Freesia is a genus of herbaceous perennial flowering plants in the family Iridaceae, first described as a genus in 1866 by Chr. Fr. Echlon (1795-1868) and called after German botanist and doctor Friedrich Freese (1794-1878). It is indigenous to the eastern area of southern Africa, from Kenya south to South Africa, most types being within Cape Provinces. Species of the former genus Anomatheca are now contained in Freesia. The crops often called "freesias", with fragrant funnel-shaped blossoms, are cultivated hybrids of lots of Freesia species. Some other species are also grown up as ornamental crops.

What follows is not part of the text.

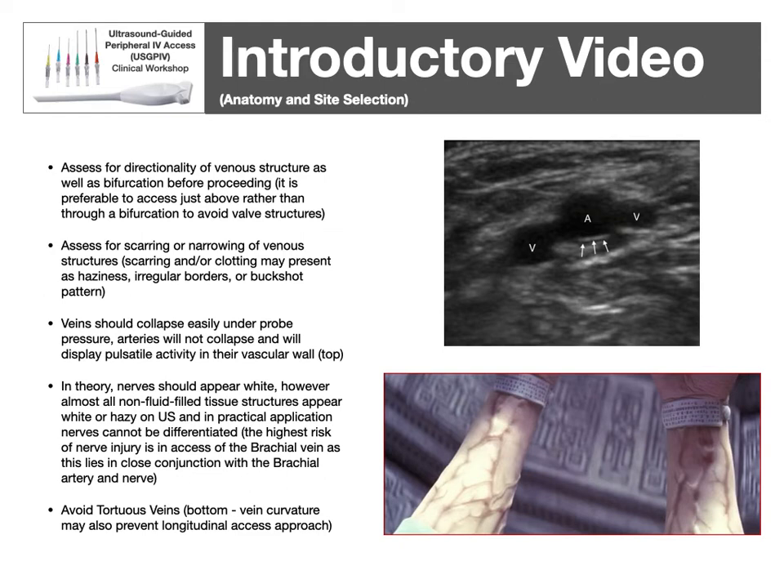When assessing veins under ultrasound, assess for the directionality of the vein — trace it by moving the probe forward to know which direction it goes. Some veins don't go straight up and down but diagonally, and you need to know which way for your needle to face. Also search for scarring or narrowing; scarring typically presents as an irregularity in the outside wall of the vein, such as a jagged or non-circular border. Assess for size, as a vein may look big but then narrow to a very small point — follow the full length of the vein where the catheter will lie.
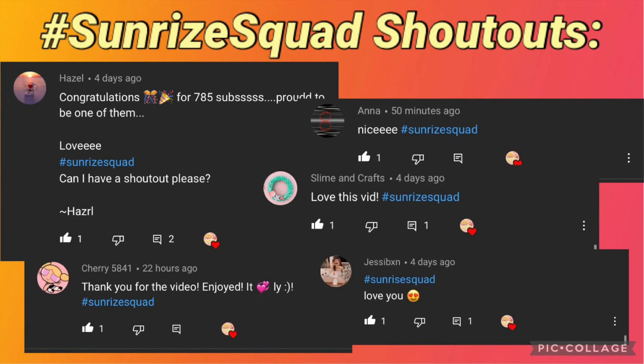This week's hashtag SunriseSquad shoutouts go out to Hazel, Anna, SlimeandCrafts, Cherry5841, and Jessie. If you'd like a shoutout in my next video, make sure to subscribe, hit that notification bell, and comment down below hashtag SunriseSquad once you have done that.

These are herbaceous plants which expand from a conical corm 1-2.5 cm diameter, which directs up a tuft of narrow leaves 10-30 cm long, and a sparsely branched stem 10-40 cm tall bearing a few leaves and a loose one-sided spike of plants with six tepals. Many species have fragrant narrowly funnel-shaped plants, although those formerly put in the genus Anomatheca, such as F. laxa, have flat flowers. Freesias are used as food plants by the larvae of some Lepidoptera kinds including Large Yellowish Underwing.
CULTIVATION AND USES
The crops usually called "freesias" are derived from crosses manufactured in the 19th hundred years between F. refracta and F. leichtlinii. Numerous cultivars have been bred from these types and the red- and yellow-flowered varieties of F. corymbosa. Modern tetraploid cultivars have flowers ranging from white to yellow, red, red and blue-mauve. They can be mostly cultivated properly in holland by about 80 growers.[3] Freesias can be quickly increased from seed. Because of the specific and pleasing scent, they are generally used in palm lotions, shampoos, candles, etc.[citation needed], however, the plants are mainly used in wedding bouquets. They can be planted in the fall in USDA Hardiness Areas 9-10 (i.e. where the temperature will not show up below about -7 ?C (20 ?F)), and in the spring in Areas 4-8.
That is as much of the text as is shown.